[Spambayes] Multi-User configuration

Thu May 26 01:30:28 CEST 2005

> I'm looking to setup SpamBayes for a small network of users,
> about 25, who are all using Outlook 2002. I would ideally like
> the spam database to be shared across by everyone,

Is there a reason for that?  The very strength of filters like SpamBayes is
that they are trained to the individual.  It would also mean that
installation was simple.

[...]
> It looks like I could set up each client to look at a shared
> drive on a file server, and then just make sure that their
> profile name was unique (which is all easy enough). It seems
> to be working ok for the two test machines I have sharing the
> database. I created the initial database from from a large
> sample (about 400 spam and 400 good messages), and now each is
> able to add new spam or good messages to the filter as they go.

Basically, you're pointing both instances of the Outlook plug-in at the same
database file, correct?

[...]
> That's all fine, but I want to be sure if I will run into any
> trouble doing this on a larger scale, with all 25 users.

Yes, you will run into a lot of trouble.  You will find that the database
gets regularly corrupted (you'll find this will the two users, as well, but
it may take a bit longer).

SpamBayes doesn't have any support for concurrent access to the database,
which is what you are after here.  There are various ways you could achieve
this, but none are easy:

  1.  You could leave the plug-in running as it does by default, with
individual databases, and create a script that synchronises them at some
point (e.g. overnight) when they are not being used.
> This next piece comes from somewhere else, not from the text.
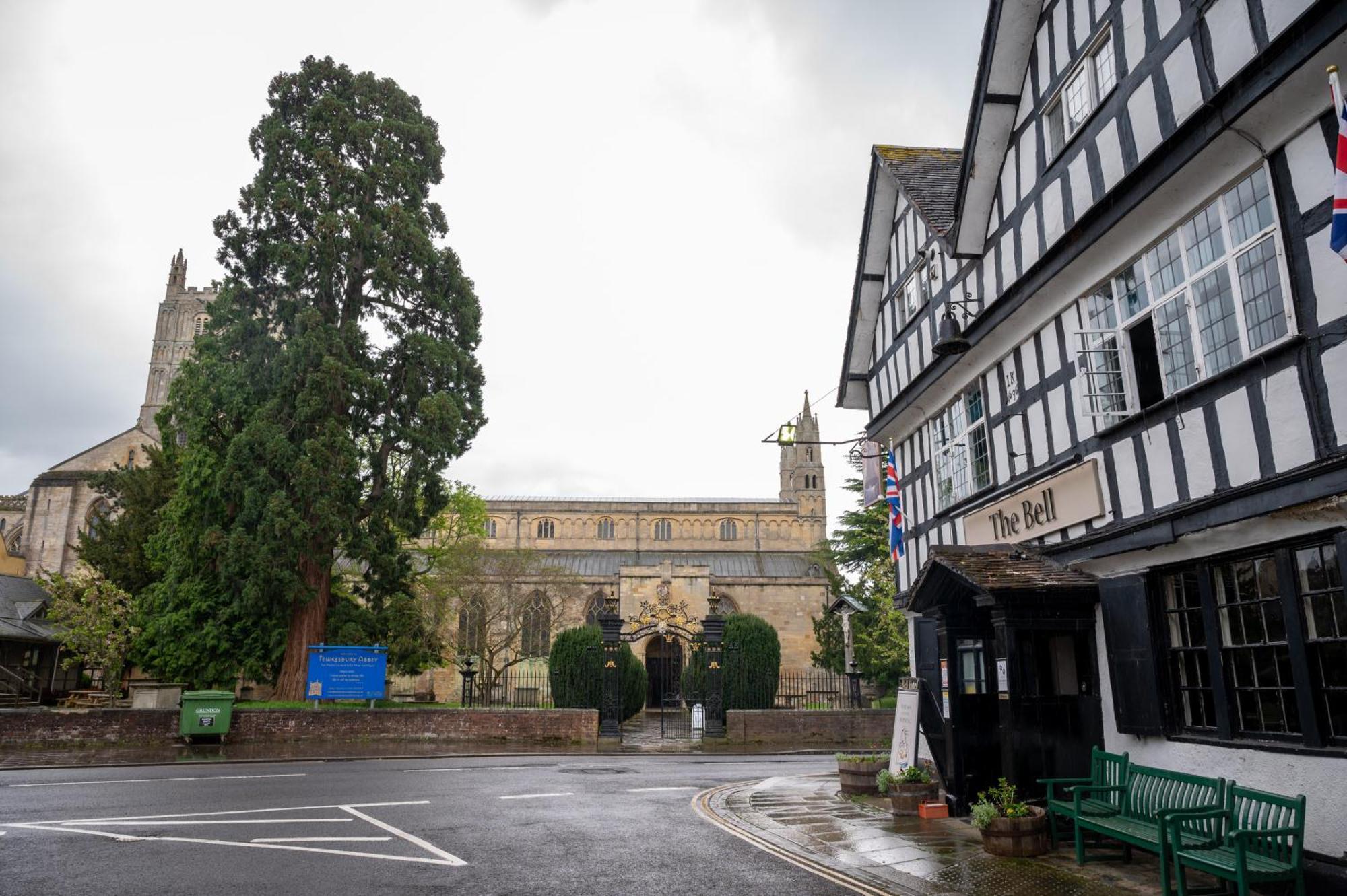Bell Hotel By Greene King Inns Tewkesbury Eksteriør billede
  2.  IIRC, some of the experimental database backends (mysql (1.0+),
postgresql (1.0+), ZODB/ZEO (1.1a1+)) can manage concurrent access.
However, you'd have to add additional code to handle this (with ZEO, at
least; I don't really know what the situation with the SQL ones are) -
basically if concurrent access is attempted, it will raise an exception,
which you can catch, wait, and try again later.

  3.  You could leave the plug-in running as it does by default, with
individual databases, and have a script that creates a fresh database from
messages in certain folders (easy with spam, hard with ham) overnight, and
replace the individual databases with it.

  4.  You could do the filtering server-side somehow (e.g.
<http://spambayes.org/server_side.html>), although I'm not sure how you
would work in the bit about the users doing their own training.

  5.  I think (but am not 100%) that if you used 1.1a1 (or ran from source)
and used a pickle for storage, that what would happen is that the database
wouldn't get corrupted, but you'd lose training data.  Each time the
database was saved to disk, it would become the valid copy, but the other
instances of SpamBayes wouldn't load that until they were restarted, so if
one of those then saved the database, the information would be replaced.

Essentially, unless you really do have good reason for wanting a shared
database (or have the resources to implement something like one of the
above), it would be best to leave the plug-in working with individual
databases.

=Tony.Meyer

-- 
Please always include the list (spambayes at python.org) in your replies
(reply-all), and please don't send me personal mail about SpamBayes.
http://www.massey.ac.nz/~tameyer/writing/reply_all.html explains this.